Index configuration parameters

To configure indexes for similarity searches, you need to configure the following fields.

For instructions on how to configure an index, see Configure index parameters.

Fields
contentsDeltaUri

string

Allows inserting, updating or deleting the contents of the Vector Search Index. The string must be a valid Cloud Storage directory path, such as gs://BUCKET_NAME/PATH_TO_INDEX_DIR/.

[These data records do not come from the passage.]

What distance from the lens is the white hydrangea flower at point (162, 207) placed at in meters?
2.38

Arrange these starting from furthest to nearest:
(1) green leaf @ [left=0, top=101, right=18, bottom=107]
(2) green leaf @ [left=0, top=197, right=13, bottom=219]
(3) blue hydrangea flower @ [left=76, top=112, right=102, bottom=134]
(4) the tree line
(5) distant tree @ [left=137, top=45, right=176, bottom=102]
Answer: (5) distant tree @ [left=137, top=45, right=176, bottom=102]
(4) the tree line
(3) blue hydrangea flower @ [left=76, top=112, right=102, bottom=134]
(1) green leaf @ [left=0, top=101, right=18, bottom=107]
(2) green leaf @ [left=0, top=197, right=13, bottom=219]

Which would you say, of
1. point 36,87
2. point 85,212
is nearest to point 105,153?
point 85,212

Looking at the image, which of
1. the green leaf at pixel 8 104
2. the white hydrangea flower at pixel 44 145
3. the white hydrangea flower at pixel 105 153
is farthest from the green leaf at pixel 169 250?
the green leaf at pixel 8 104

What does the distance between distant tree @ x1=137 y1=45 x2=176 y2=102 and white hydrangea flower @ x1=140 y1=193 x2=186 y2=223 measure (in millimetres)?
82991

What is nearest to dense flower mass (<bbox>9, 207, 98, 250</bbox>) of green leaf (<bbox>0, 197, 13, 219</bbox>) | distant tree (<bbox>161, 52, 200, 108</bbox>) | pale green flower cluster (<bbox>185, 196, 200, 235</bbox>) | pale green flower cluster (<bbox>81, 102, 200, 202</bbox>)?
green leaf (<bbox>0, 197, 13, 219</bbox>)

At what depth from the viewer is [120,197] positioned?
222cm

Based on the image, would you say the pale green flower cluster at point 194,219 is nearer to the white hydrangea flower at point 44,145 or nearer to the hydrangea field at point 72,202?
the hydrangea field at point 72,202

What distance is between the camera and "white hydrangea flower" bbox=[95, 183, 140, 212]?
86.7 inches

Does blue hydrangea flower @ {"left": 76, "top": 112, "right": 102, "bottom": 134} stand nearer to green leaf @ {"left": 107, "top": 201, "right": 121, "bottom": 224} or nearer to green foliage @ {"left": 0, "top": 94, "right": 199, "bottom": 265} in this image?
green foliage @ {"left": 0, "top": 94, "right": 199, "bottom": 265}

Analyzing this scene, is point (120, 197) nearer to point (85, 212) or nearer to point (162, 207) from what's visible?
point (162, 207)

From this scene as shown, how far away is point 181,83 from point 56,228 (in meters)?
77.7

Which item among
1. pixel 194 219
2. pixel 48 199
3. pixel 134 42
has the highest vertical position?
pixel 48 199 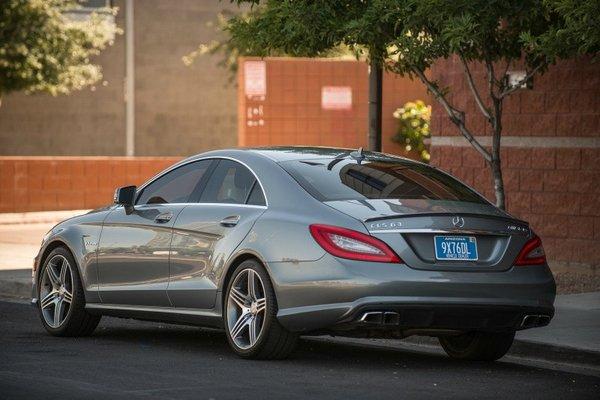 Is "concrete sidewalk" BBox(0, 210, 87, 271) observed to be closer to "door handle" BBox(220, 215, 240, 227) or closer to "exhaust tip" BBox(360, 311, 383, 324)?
"door handle" BBox(220, 215, 240, 227)

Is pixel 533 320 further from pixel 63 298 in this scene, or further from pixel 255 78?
pixel 255 78

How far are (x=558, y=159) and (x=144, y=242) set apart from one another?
23.2 ft

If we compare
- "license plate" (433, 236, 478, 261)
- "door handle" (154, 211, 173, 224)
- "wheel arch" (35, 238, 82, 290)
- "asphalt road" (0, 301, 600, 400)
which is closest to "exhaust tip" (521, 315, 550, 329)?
"asphalt road" (0, 301, 600, 400)

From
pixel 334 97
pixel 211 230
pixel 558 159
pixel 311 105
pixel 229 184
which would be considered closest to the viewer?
pixel 211 230

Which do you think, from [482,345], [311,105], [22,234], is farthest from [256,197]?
[311,105]

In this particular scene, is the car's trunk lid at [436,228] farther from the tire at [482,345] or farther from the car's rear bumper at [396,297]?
the tire at [482,345]

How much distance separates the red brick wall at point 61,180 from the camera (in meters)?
30.2

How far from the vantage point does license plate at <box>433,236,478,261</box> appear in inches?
382

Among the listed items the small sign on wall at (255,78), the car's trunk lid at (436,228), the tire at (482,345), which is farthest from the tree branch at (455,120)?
the small sign on wall at (255,78)

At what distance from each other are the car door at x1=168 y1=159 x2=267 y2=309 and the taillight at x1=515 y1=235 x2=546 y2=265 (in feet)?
5.56

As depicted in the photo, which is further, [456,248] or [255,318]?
[255,318]

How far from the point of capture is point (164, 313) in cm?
1092

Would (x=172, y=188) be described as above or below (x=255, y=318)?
above

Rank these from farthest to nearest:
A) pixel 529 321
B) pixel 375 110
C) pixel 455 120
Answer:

If you set this field when calling IndexService.UpdateIndex, then no other Index field can be also updated as part of the same call. Learn how to structure individual data files.

isCompleteOverwrite

boolean

If this field is set together with contentsDeltaUri when calling IndexService.UpdateIndex, then existing content of the Index will be replaced by the data from the contentsDeltaUri. When this field is set to true, the entire index is completely overwritten with the new metadata file that you provide.

config

NearestNeighborSearchConfig

The configuration of the Vector Search Index.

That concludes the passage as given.